[Exercise]
Reproduce all of the records exactly.

------ Supplied data

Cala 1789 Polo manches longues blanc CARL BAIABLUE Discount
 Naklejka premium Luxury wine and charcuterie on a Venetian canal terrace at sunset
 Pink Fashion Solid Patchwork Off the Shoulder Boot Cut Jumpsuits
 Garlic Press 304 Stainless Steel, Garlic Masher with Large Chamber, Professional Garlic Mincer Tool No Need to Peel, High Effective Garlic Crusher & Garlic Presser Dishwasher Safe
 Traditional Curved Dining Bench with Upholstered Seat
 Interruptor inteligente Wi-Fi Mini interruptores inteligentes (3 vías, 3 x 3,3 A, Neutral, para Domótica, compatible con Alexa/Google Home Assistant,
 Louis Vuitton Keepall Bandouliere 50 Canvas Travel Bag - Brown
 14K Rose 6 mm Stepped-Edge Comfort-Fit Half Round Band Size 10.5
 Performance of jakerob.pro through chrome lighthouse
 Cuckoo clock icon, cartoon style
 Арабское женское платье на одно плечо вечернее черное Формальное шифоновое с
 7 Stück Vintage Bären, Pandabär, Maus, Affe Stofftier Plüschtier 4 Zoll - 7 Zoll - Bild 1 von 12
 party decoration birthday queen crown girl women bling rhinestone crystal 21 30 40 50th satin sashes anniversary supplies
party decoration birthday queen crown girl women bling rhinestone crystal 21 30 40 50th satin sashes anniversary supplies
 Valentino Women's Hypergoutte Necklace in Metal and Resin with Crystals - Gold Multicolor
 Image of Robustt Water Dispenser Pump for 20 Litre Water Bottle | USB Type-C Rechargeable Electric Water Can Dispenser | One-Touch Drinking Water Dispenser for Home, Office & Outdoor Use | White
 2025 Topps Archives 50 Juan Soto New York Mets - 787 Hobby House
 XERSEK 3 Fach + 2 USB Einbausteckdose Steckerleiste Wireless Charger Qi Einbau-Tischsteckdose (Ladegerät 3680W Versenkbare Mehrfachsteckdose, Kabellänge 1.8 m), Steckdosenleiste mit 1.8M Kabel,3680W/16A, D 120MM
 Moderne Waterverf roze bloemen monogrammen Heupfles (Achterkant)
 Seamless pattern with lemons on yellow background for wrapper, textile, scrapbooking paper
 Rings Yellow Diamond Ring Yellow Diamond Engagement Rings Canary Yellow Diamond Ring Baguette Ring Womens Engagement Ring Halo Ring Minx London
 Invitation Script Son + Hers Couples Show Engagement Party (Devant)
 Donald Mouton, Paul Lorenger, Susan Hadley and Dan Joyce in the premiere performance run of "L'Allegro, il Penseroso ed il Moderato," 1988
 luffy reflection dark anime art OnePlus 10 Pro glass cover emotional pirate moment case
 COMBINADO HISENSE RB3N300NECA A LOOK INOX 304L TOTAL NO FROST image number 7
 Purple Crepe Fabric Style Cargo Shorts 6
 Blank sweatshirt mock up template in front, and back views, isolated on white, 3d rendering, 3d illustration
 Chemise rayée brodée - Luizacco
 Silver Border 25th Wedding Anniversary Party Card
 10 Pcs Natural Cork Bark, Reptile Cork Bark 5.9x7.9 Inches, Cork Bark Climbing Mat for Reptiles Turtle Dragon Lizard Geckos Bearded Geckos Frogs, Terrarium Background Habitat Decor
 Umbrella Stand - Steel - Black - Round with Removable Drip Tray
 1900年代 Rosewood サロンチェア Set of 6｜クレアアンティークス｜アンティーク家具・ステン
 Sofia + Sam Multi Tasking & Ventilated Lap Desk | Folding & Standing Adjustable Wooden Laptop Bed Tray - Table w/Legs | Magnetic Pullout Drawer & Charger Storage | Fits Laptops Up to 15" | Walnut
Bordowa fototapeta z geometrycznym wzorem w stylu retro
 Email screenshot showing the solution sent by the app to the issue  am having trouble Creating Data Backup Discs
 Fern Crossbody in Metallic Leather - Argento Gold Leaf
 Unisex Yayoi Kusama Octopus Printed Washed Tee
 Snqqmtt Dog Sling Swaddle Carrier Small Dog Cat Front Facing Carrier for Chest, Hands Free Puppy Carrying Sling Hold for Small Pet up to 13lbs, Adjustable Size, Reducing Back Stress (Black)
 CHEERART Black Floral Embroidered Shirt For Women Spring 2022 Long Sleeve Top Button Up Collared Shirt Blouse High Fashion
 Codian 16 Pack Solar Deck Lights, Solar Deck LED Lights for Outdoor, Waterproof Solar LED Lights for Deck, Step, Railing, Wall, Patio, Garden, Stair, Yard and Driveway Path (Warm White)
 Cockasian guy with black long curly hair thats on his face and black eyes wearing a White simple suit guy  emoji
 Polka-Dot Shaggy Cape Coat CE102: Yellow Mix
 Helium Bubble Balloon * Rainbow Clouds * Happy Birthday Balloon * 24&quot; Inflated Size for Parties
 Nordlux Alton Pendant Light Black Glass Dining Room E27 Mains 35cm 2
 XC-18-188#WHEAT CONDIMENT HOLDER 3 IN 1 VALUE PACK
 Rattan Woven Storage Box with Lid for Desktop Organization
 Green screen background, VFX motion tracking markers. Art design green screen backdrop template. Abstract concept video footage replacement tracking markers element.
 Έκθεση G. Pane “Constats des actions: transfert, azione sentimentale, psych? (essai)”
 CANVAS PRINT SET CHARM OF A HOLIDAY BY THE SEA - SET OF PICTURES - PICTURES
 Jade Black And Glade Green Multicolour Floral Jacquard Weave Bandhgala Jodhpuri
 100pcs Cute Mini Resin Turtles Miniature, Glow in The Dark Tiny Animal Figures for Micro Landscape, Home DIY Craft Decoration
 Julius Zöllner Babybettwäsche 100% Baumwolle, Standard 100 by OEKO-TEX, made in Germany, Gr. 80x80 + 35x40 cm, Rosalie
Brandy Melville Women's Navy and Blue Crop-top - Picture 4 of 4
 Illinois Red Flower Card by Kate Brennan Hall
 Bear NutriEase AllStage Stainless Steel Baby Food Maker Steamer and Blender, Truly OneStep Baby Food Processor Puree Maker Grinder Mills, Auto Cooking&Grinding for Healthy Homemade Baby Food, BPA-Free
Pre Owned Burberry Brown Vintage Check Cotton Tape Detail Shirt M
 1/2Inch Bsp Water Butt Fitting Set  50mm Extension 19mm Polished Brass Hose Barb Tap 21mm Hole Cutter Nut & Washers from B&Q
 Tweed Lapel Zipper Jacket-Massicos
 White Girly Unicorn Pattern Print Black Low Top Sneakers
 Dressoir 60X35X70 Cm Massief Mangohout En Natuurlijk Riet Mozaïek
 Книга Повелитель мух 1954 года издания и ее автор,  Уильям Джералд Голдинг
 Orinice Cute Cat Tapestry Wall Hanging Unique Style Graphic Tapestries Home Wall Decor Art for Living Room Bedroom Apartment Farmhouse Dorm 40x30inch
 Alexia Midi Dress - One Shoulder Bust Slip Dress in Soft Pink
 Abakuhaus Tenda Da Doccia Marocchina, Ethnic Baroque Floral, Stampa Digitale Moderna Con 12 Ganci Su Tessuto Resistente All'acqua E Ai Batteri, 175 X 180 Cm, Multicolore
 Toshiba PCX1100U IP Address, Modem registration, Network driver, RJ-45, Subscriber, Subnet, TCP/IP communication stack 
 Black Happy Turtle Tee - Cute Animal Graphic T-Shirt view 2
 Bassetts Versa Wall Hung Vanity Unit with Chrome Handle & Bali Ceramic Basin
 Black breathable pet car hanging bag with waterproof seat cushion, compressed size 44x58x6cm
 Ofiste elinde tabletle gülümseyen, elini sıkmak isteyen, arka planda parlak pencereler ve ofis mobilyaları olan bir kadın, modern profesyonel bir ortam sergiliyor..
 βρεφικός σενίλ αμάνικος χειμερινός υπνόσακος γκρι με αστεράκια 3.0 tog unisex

------------

[Exercise result]
Cala 1789 Polo manches longues blanc CARL BAIABLUE Discount
 Naklejka premium Luxury wine and charcuterie on a Venetian canal terrace at sunset
 Pink Fashion Solid Patchwork Off the Shoulder Boot Cut Jumpsuits
 Garlic Press 304 Stainless Steel, Garlic Masher with Large Chamber, Professional Garlic Mincer Tool No Need to Peel, High Effective Garlic Crusher & Garlic Presser Dishwasher Safe
 Traditional Curved Dining Bench with Upholstered Seat
 Interruptor inteligente Wi-Fi Mini interruptores inteligentes (3 vías, 3 x 3,3 A, Neutral, para Domótica, compatible con Alexa/Google Home Assistant,
 Louis Vuitton Keepall Bandouliere 50 Canvas Travel Bag - Brown
 14K Rose 6 mm Stepped-Edge Comfort-Fit Half Round Band Size 10.5
 Performance of jakerob.pro through chrome lighthouse
 Cuckoo clock icon, cartoon style
 Арабское женское платье на одно плечо вечернее черное Формальное шифоновое с
 7 Stück Vintage Bären, Pandabär, Maus, Affe Stofftier Plüschtier 4 Zoll - 7 Zoll - Bild 1 von 12
 party decoration birthday queen crown girl women bling rhinestone crystal 21 30 40 50th satin sashes anniversary supplies
party decoration birthday queen crown girl women bling rhinestone crystal 21 30 40 50th satin sashes anniversary supplies
 Valentino Women's Hypergoutte Necklace in Metal and Resin with Crystals - Gold Multicolor
 Image of Robustt Water Dispenser Pump for 20 Litre Water Bottle | USB Type-C Rechargeable Electric Water Can Dispenser | One-Touch Drinking Water Dispenser for Home, Office & Outdoor Use | White
 2025 Topps Archives 50 Juan Soto New York Mets - 787 Hobby House
 XERSEK 3 Fach + 2 USB Einbausteckdose Steckerleiste Wireless Charger Qi Einbau-Tischsteckdose (Ladegerät 3680W Versenkbare Mehrfachsteckdose, Kabellänge 1.8 m), Steckdosenleiste mit 1.8M Kabel,3680W/16A, D 120MM
 Moderne Waterverf roze bloemen monogrammen Heupfles (Achterkant)
 Seamless pattern with lemons on yellow background for wrapper, textile, scrapbooking paper
 Rings Yellow Diamond Ring Yellow Diamond Engagement Rings Canary Yellow Diamond Ring Baguette Ring Womens Engagement Ring Halo Ring Minx London
 Invitation Script Son + Hers Couples Show Engagement Party (Devant)
 Donald Mouton, Paul Lorenger, Susan Hadley and Dan Joyce in the premiere performance run of "L'Allegro, il Penseroso ed il Moderato," 1988
 luffy reflection dark anime art OnePlus 10 Pro glass cover emotional pirate moment case
 COMBINADO HISENSE RB3N300NECA A LOOK INOX 304L TOTAL NO FROST image number 7
 Purple Crepe Fabric Style Cargo Shorts 6
 Blank sweatshirt mock up template in front, and back views, isolated on white, 3d rendering, 3d illustration
 Chemise rayée brodée - Luizacco
 Silver Border 25th Wedding Anniversary Party Card
 10 Pcs Natural Cork Bark, Reptile Cork Bark 5.9x7.9 Inches, Cork Bark Climbing Mat for Reptiles Turtle Dragon Lizard Geckos Bearded Geckos Frogs, Terrarium Background Habitat Decor
 Umbrella Stand - Steel - Black - Round with Removable Drip Tray
 1900年代 Rosewood サロンチェア Set of 6｜クレアアンティークス｜アンティーク家具・ステン
 Sofia + Sam Multi Tasking & Ventilated Lap Desk | Folding & Standing Adjustable Wooden Laptop Bed Tray - Table w/Legs | Magnetic Pullout Drawer & Charger Storage | Fits Laptops Up to 15" | Walnut
Bordowa fototapeta z geometrycznym wzorem w stylu retro
 Email screenshot showing the solution sent by the app to the issue  am having trouble Creating Data Backup Discs
 Fern Crossbody in Metallic Leather - Argento Gold Leaf
 Unisex Yayoi Kusama Octopus Printed Washed Tee
 Snqqmtt Dog Sling Swaddle Carrier Small Dog Cat Front Facing Carrier for Chest, Hands Free Puppy Carrying Sling Hold for Small Pet up to 13lbs, Adjustable Size, Reducing Back Stress (Black)
 CHEERART Black Floral Embroidered Shirt For Women Spring 2022 Long Sleeve Top Button Up Collared Shirt Blouse High Fashion
 Codian 16 Pack Solar Deck Lights, Solar Deck LED Lights for Outdoor, Waterproof Solar LED Lights for Deck, Step, Railing, Wall, Patio, Garden, Stair, Yard and Driveway Path (Warm White)
 Cockasian guy with black long curly hair thats on his face and black eyes wearing a White simple suit guy  emoji
 Polka-Dot Shaggy Cape Coat CE102: Yellow Mix
 Helium Bubble Balloon * Rainbow Clouds * Happy Birthday Balloon * 24&quot; Inflated Size for Parties
 Nordlux Alton Pendant Light Black Glass Dining Room E27 Mains 35cm 2
 XC-18-188#WHEAT CONDIMENT HOLDER 3 IN 1 VALUE PACK
 Rattan Woven Storage Box with Lid for Desktop Organization
 Green screen background, VFX motion tracking markers. Art design green screen backdrop template. Abstract concept video footage replacement tracking markers element.
 Έκθεση G. Pane “Constats des actions: transfert, azione sentimentale, psych? (essai)”
 CANVAS PRINT SET CHARM OF A HOLIDAY BY THE SEA - SET OF PICTURES - PICTURES
 Jade Black And Glade Green Multicolour Floral Jacquard Weave Bandhgala Jodhpuri
 100pcs Cute Mini Resin Turtles Miniature, Glow in The Dark Tiny Animal Figures for Micro Landscape, Home DIY Craft Decoration
 Julius Zöllner Babybettwäsche 100% Baumwolle, Standard 100 by OEKO-TEX, made in Germany, Gr. 80x80 + 35x40 cm, Rosalie
Brandy Melville Women's Navy and Blue Crop-top - Picture 4 of 4
 Illinois Red Flower Card by Kate Brennan Hall
 Bear NutriEase AllStage Stainless Steel Baby Food Maker Steamer and Blender, Truly OneStep Baby Food Processor Puree Maker Grinder Mills, Auto Cooking&Grinding for Healthy Homemade Baby Food, BPA-Free
Pre Owned Burberry Brown Vintage Check Cotton Tape Detail Shirt M
 1/2Inch Bsp Water Butt Fitting Set  50mm Extension 19mm Polished Brass Hose Barb Tap 21mm Hole Cutter Nut & Washers from B&Q
 Tweed Lapel Zipper Jacket-Massicos
 White Girly Unicorn Pattern Print Black Low Top Sneakers
 Dressoir 60X35X70 Cm Massief Mangohout En Natuurlijk Riet Mozaïek
 Книга Повелитель мух 1954 года издания и ее автор,  Уильям Джералд Голдинг
 Orinice Cute Cat Tapestry Wall Hanging Unique Style Graphic Tapestries Home Wall Decor Art for Living Room Bedroom Apartment Farmhouse Dorm 40x30inch
 Alexia Midi Dress - One Shoulder Bust Slip Dress in Soft Pink
 Abakuhaus Tenda Da Doccia Marocchina, Ethnic Baroque Floral, Stampa Digitale Moderna Con 12 Ganci Su Tessuto Resistente All'acqua E Ai Batteri, 175 X 180 Cm, Multicolore
 Toshiba PCX1100U IP Address, Modem registration, Network driver, RJ-45, Subscriber, Subnet, TCP/IP communication stack 
 Black Happy Turtle Tee - Cute Animal Graphic T-Shirt view 2
 Bassetts Versa Wall Hung Vanity Unit with Chrome Handle & Bali Ceramic Basin
 Black breathable pet car hanging bag with waterproof seat cushion, compressed size 44x58x6cm
 Ofiste elinde tabletle gülümseyen, elini sıkmak isteyen, arka planda parlak pencereler ve ofis mobilyaları olan bir kadın, modern profesyonel bir ortam sergiliyor..
 βρεφικός σενίλ αμάνικος χειμερινός υπνόσακος γκρι με αστεράκια 3.0 tog unisex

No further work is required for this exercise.